La dette, outil de pillage…

 

« Si la population comprenait le système bancaire, je crois qu’il y aurait une révolution avant demain matin ». Henry Ford

 

Notre quotidien, nos projets, notre avenir dépendent de l’argent qui circule dans  l’économie. La monnaie est le fluide qui permet les échanges de biens et de services. Savoir qui crée la monnaie est donc indispensable pour comprendre comment le monde fonctionne. Sans la connaissance des diverses formes de monnaie et les mécanismes qu’elles impliquent, il est impossible de comprendre le système monétaire et plus globalement l’économie.

 

 La monnaie, sous forme de billets et de pièces, est la monnaie centrale corporelle – ou monnaie manuelle.

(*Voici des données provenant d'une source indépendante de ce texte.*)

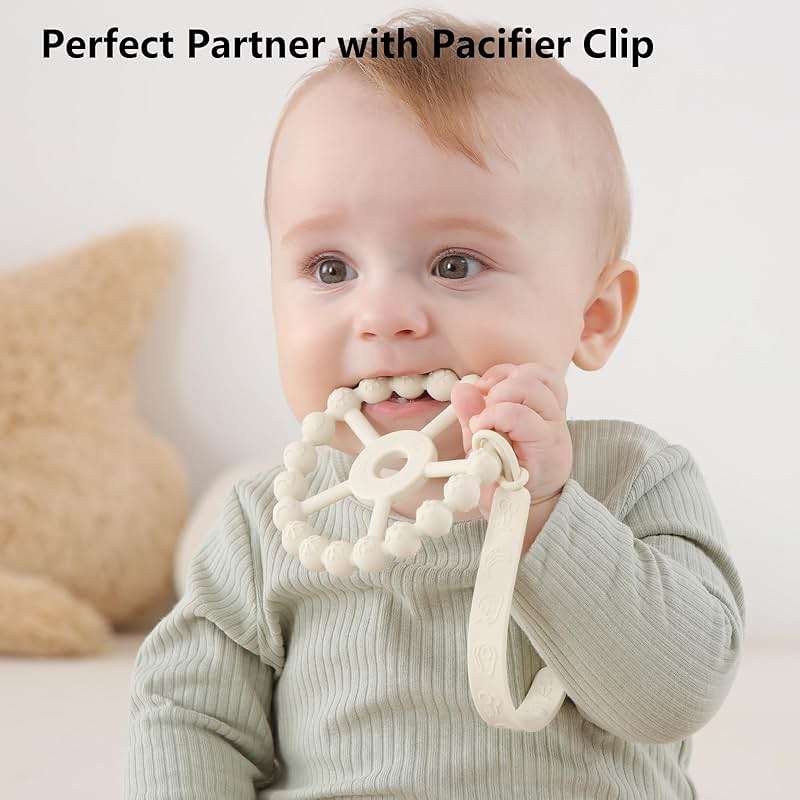 3 Pack Ring Teether Baby Infant Toys, Baby Essentials, Silicone Teething Ring Toys for Babies 0-6 Months, Seposeve Toddler Teethers 6-12 Months 12-24 Months, Infant Teething Relief, Purple Pink White - Image 6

Elle était fabriquée par la Banque Centrale, missionnée par l’Etat ou les Etats d’une zone monétaire. La monnaie qui est sur les comptes en banque est la monnaie scripturale ou secondaire, elle n’existe que sous la forme de chiffres. Les banques commerciales privées (BCP) sont des intermédiaires qui font le commerce de la monnaie centrale et désormais, la créent.

 

Histoire de la monnaie

 

C’est le crédit, c'est-à-dire la comptabilité des dettes, qui est apparu  bien avant la création de la monnaie. On a retrouvé nombres d’objets servant de registres de dettes, des bâtons, des boules d’argile ou des papyrus. Parmi les plus anciens registres figurent des centaines de milliers de tablettes d’argile de l’époque sumérienne.

Ce n’est qu’environ 700 ans avant JC que des souverains ou des castes régnantes ont imposé l’usage de la monnaie comme moyen d’échange sous la forme d’un objet dont ils s’attribuaient l’exclusivité de la production. Ils émettaient la monnaie, généralement des pièces d’or, d’argent ou de cuivre, payaient leurs soldats avec et menaient des guerres. Les soldats imposaient cette monnaie comme paiement. Le pouvoir la récupérait alors lors de la perception des impôts. Le pouvoir pouvait donc acheter nourriture, marchandises et richesses grâce à la monnaie qu’il produisait lui-même. La monnaie a donc été créée par des castes régnantes, des souverains pour extorquer une partie de la production des populations, vivre et s’enrichir sans travailler. C’est par ce principe que des empires se sont bâtis.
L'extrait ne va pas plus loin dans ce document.